Interview Marie-Bernadette CLEENEWERCK

Dermatologue et Médecin du Travail

JDV : Quels sont les métiers en extérieur les plus touchés ?

M-B. : Les jardiniers, les paysagistes, les fleuristes, les maraîchers (qui s’occupent des panais, des artichauts, du céleri…), les horticulteurs (qui trient les bulbes d’oignon, les jacinthes), les agriculteurs, les métiers de la sylviculture : les forestiers, les bûcherons…
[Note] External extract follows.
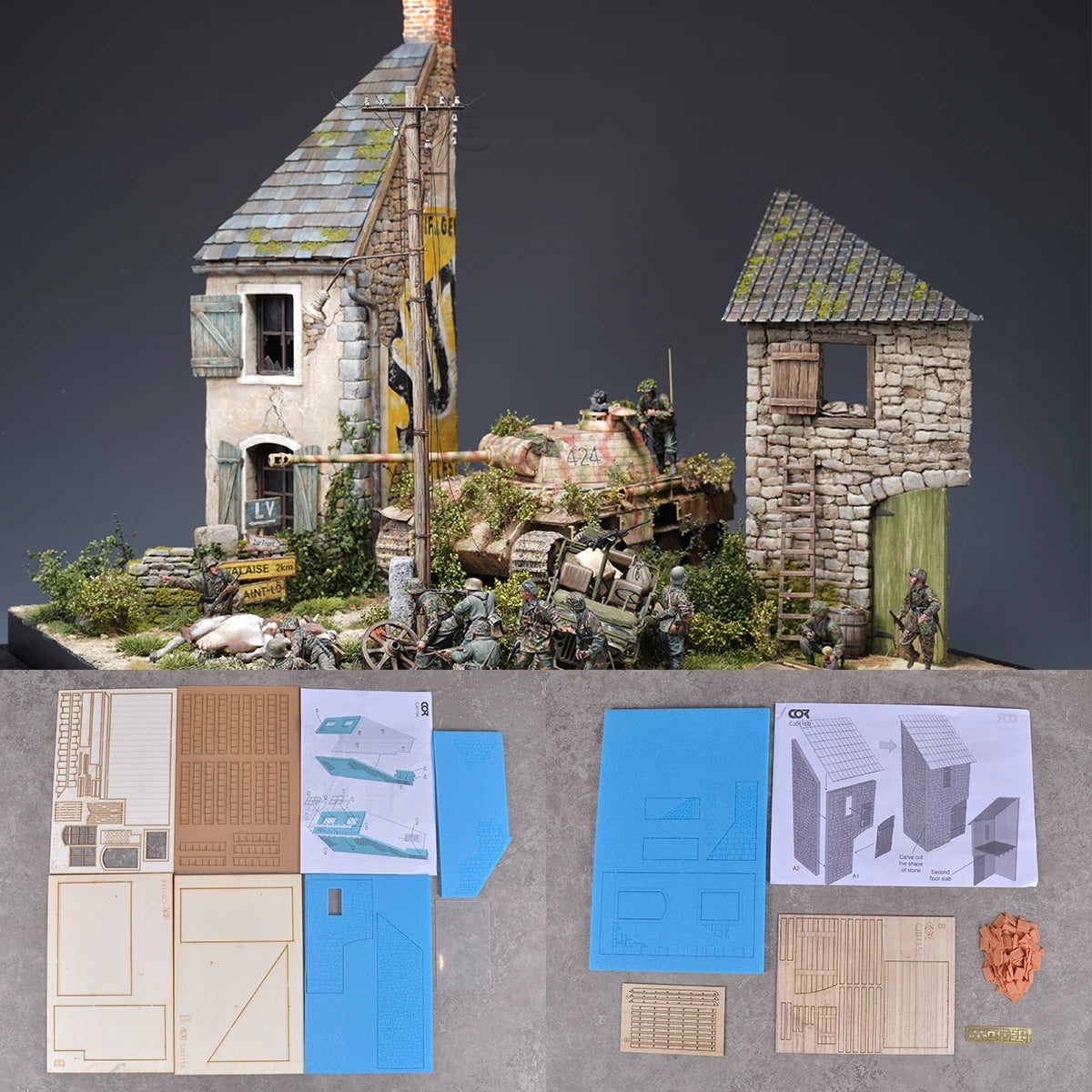 Kit de edificios en ruinas 1:35 – Escenografía para dioramas militares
Tous les métiers du Bâtiment et des Travaux Publics (couvreurs, goudronneurs, bitumeurs, terrassiers, ouvriers des travaux de voiries…) sont exposés aux risques solaires Ultra-Violets, aux risques de cancers cutanés et parfois aux risques d’exposition à des produits phototoxiques. Cette liste de professions n’est pas exhaustive.

Pour s’en prévenir, le port d’E.P.I. (Équipement de Protection Individuelle) et le recours à une protection cutanée solaire sont indispensables (lunettes, chapeaux à larges bords, vêtements à manches longues, crèmes écrans solaires…).

Dans tous ces métiers existent par ailleurs des problèmes potentiels de dermatites de contact irritatives ou allergiques. Des tests épicutanés permettent de préciser la cause de ces diverses allergies ! Nous pouvons vous renseigner !

JDV : Quelles allergies cutanées constatez-vous pour des professionnels au printemps ou en été ?

M-B. : Au printemps et en été, des problèmes cutanés dus aux contacts avec les plantes peuvent être observés. Il existe d’abord des risques d’irritation de contact d’origine mécanique qui résultent de traumatismes de la peau, par exemple, par une épine ou une écharde, mais également des risques irritatifs chimiques dus aux composants des plantes (par exemple, les bulbes d’oignon, les jacinthes, les tulipes)…

Ces dermatites d’irritation peuvent aussi favoriser l’apparition de dermatites allergiques de contact. Ces dernières à type d’eczéma peuvent être constatées  avec les jonquilles, les narcisses, les alstroemerias, les primevères, les tulipes… mais aussi avec des mousses d’arbres (par exemple, avec le frullania qui est une mousse du chêne).

Les dermatoses de contact dues aux plantes s’appellent des phytodermatoses.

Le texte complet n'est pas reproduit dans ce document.